En fait, le but était vraiment de commencer avec un morceau qui soit un peu différent de ce qu’on va pouvoir entendre d’habitude. En général, quand tu écoutes un album de metal, tu as souvent une petite intro d’une ou deux minutes, puis ça part sur le « hit » de l’album, le morceau facile de quatre minutes. Nous voulions un peu changer ça, parce qu’au niveau de la composition, nous avons essayé de composer les morceaux pour qu’ils s’insèrent bien dans l’album. Donc le but était de répartir les types de morceaux différents, donc nous ne voulions pas mettre quatre morceaux de quatre minutes, faciles, au début, et après laisser tous les morceaux un peu plus progressifs. Le but était de tenter de commencer avec un morceau qui te mette un bon parpaing dans la gueule au niveau technique et tout, et il y a aussi le fait que le motif d’intro du premier morceau, donc le début de l’album, soit aussi le motif de fin de l’album. Donc la fin de l’instrumental reprend le motif de l’intro, mais joué différemment. C’était le but de faire un album comme une première et une quatrième de couverture sur un livre.

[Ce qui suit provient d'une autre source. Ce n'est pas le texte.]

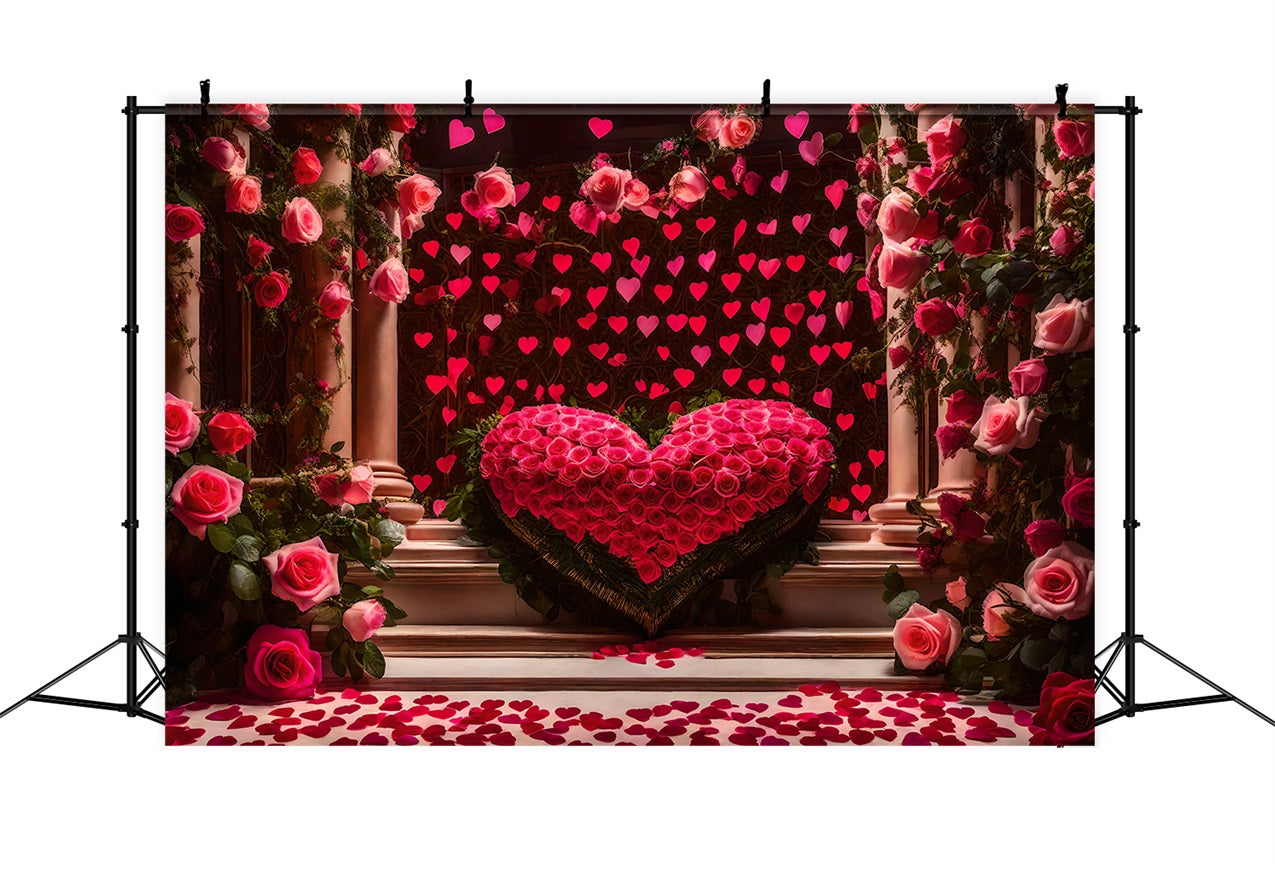 Valentine's Day Backdrop Heart Garland Roses Elegant Backdrop UK BRP1-95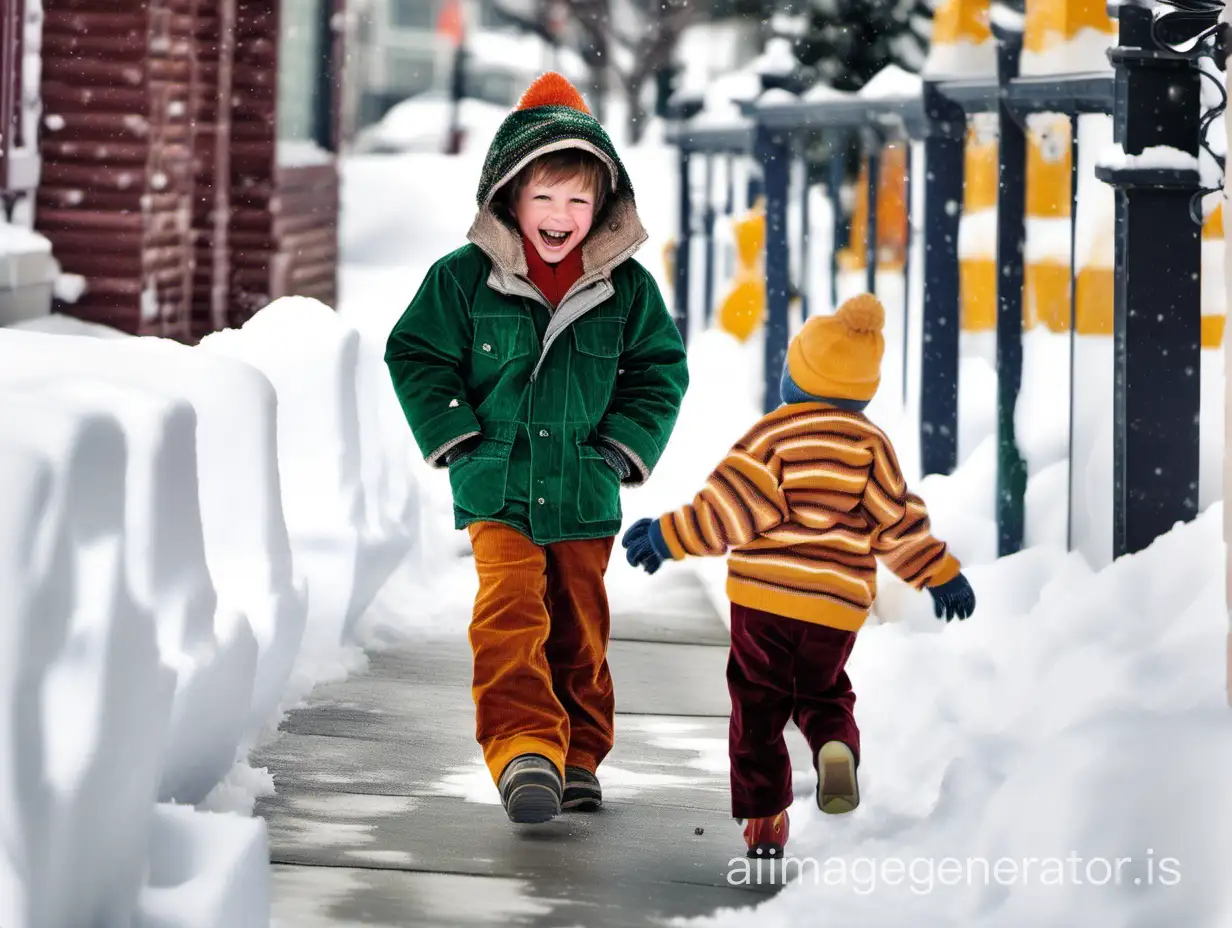 Happy boy walking down the sidewalk after a snowfall, wearing the corduroy pants he got for Christmas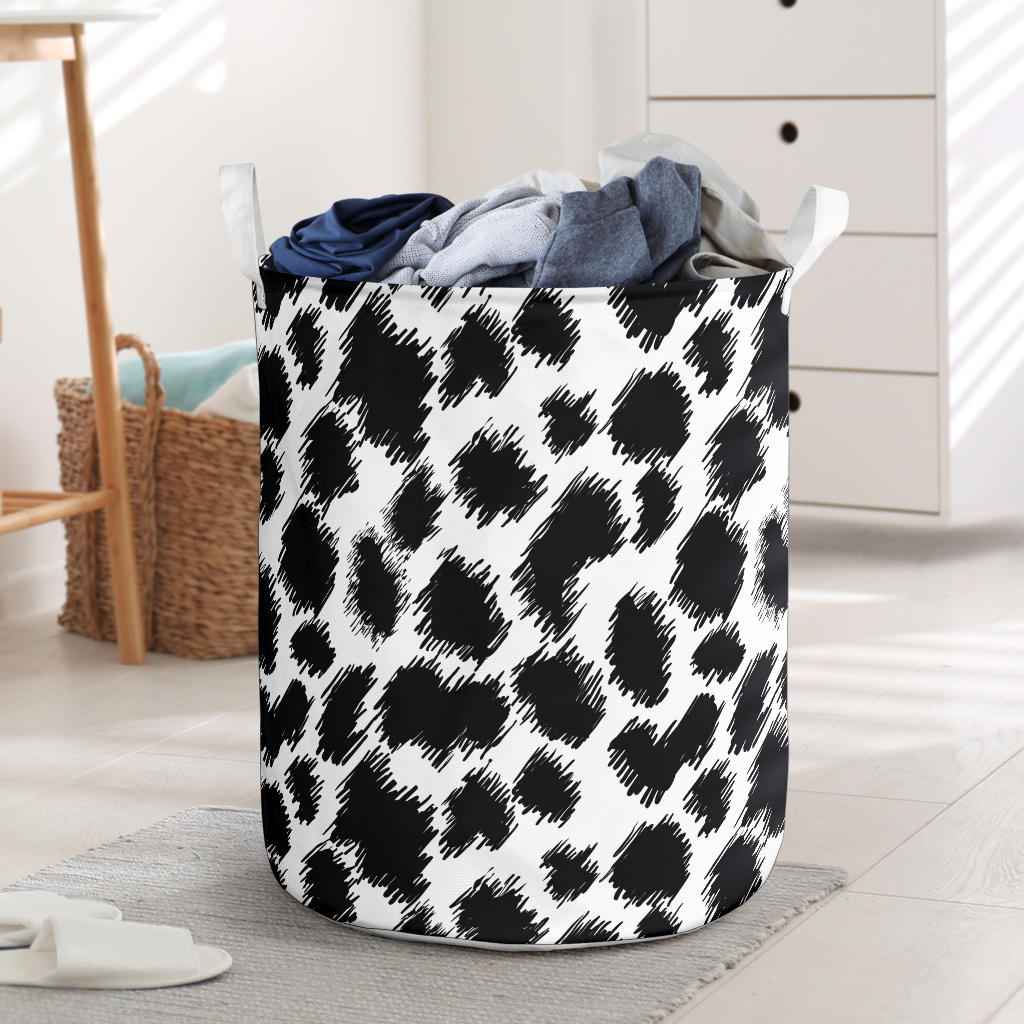 Cheetah Black Print Pattern Laundry Basket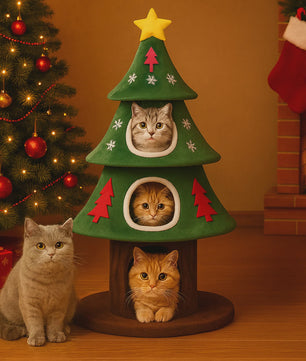 Kerstboom Kattenkrabpaal: Speelparadijs met Meerdere Verdiepingen en Krabmogelijkheden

Est-ce que l’équilibre entre le côté accrocheur du morceau et son côté progressif a été difficile à trouver ?

Oui, ç’a été compliqué à trouver. Ce genre de morceau-là, ça demande beaucoup d’essais, de ratés, beaucoup de travail au niveau de la structure, etc. Le plus dur est de garder un fil conducteur tout en ayant une certaine variété dans la composition du morceau, pour ne pas se retrouver au bout de huit minutes à dire : « Bon, ça tourne un peu en rond sur toujours le même riff. » Evidemment, il faut apporter de la variété, mais d’un autre côté, c’est aussi compliqué de ne pas se perdre dans une avalanche de riffs, qui n’ont pas forcément de lien entre eux, surtout quand il y a des changements de tempo, de mélodie, etc., comme il peut y en avoir dans ce morceau-là. C’est le genre de morceau qui demande beaucoup de travail. Ça nous a donc vraiment pris plusieurs mois pour finir de composer, avec beaucoup de versions différentes, beaucoup de structures différentes, de riffs, etc. Par exemple, la fin du morceau, les deux dernières minutes, il me semble que nous avons mis facilement deux ou trois mois à les composer.

Au niveau des textes, l’album précédent oscillait entre un aspect très psychologique, c’est-à-dire la folie que pouvait avoir chaque être humain, et un aspect un peu plus sociétal, avec une réflexion sur les dérives de l’homme moderne. Est-ce que ce double traitement est aussi présent sur ce disque ?

Justement, ce disque-là est plus ou moins un concept-album, mais avec vraiment un concept assez large au niveau de la contradiction. C’est vraiment sur de la contradiction dans son sens large. Ça va toucher à plusieurs thèmes sur la contradiction de l’être humain, que ce soit au niveau de l’écologie, de la psychologie, de la sociologie, etc. Selon les morceaux, ça va aborder la contradiction dans sa globalité, mais sur un thème différent. Par exemple, un morceau comme « Frontiers » va aborder la dualité, mais plus dans le sens de l’opposition entre ce que nous considérons comme étant de la bonne musique, les frontières que nous posons entre « bonne musique » et « mauvaise musique », le jugement que l’on a tendance à avoir envers les gens, d’où le clip, où nous essayons de changer de l’image des metalleux dans un hangar, qui sont là, qui ont les cheveux longs, qui tournent de la tête, qui sont de gros méchants… Nous essayons de prendre un angle différent.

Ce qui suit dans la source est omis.